Work order:
Reproduce the entries. Match every word.

-- Input data follows --

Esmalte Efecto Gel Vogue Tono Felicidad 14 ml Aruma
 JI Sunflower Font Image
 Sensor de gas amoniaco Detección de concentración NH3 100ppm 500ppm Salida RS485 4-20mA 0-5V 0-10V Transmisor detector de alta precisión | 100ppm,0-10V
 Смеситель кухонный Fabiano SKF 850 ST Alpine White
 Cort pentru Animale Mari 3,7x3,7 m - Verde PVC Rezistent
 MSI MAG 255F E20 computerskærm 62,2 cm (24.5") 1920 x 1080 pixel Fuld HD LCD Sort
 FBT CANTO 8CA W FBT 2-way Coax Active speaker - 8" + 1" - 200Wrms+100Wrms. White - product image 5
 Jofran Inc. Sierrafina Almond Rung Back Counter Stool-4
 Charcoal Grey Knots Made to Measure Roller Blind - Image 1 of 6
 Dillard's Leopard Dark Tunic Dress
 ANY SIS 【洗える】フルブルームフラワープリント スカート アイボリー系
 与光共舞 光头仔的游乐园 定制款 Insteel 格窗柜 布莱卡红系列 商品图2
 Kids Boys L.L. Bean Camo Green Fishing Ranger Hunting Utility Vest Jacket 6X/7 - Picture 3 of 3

-- Input data concluded --

Result of this task:
Esmalte Efecto Gel Vogue Tono Felicidad 14 ml Aruma
 JI Sunflower Font Image
 Sensor de gas amoniaco Detección de concentración NH3 100ppm 500ppm Salida RS485 4-20mA 0-5V 0-10V Transmisor detector de alta precisión | 100ppm,0-10V
 Смеситель кухонный Fabiano SKF 850 ST Alpine White
 Cort pentru Animale Mari 3,7x3,7 m - Verde PVC Rezistent
 MSI MAG 255F E20 computerskærm 62,2 cm (24.5") 1920 x 1080 pixel Fuld HD LCD Sort
 FBT CANTO 8CA W FBT 2-way Coax Active speaker - 8" + 1" - 200Wrms+100Wrms. White - product image 5
 Jofran Inc. Sierrafina Almond Rung Back Counter Stool-4
 Charcoal Grey Knots Made to Measure Roller Blind - Image 1 of 6
 Dillard's Leopard Dark Tunic Dress
 ANY SIS 【洗える】フルブルームフラワープリント スカート アイボリー系
 与光共舞 光头仔的游乐园 定制款 Insteel 格窗柜 布莱卡红系列 商品图2
 Kids Boys L.L. Bean Camo Green Fishing Ranger Hunting Utility Vest Jacket 6X/7 - Picture 3 of 3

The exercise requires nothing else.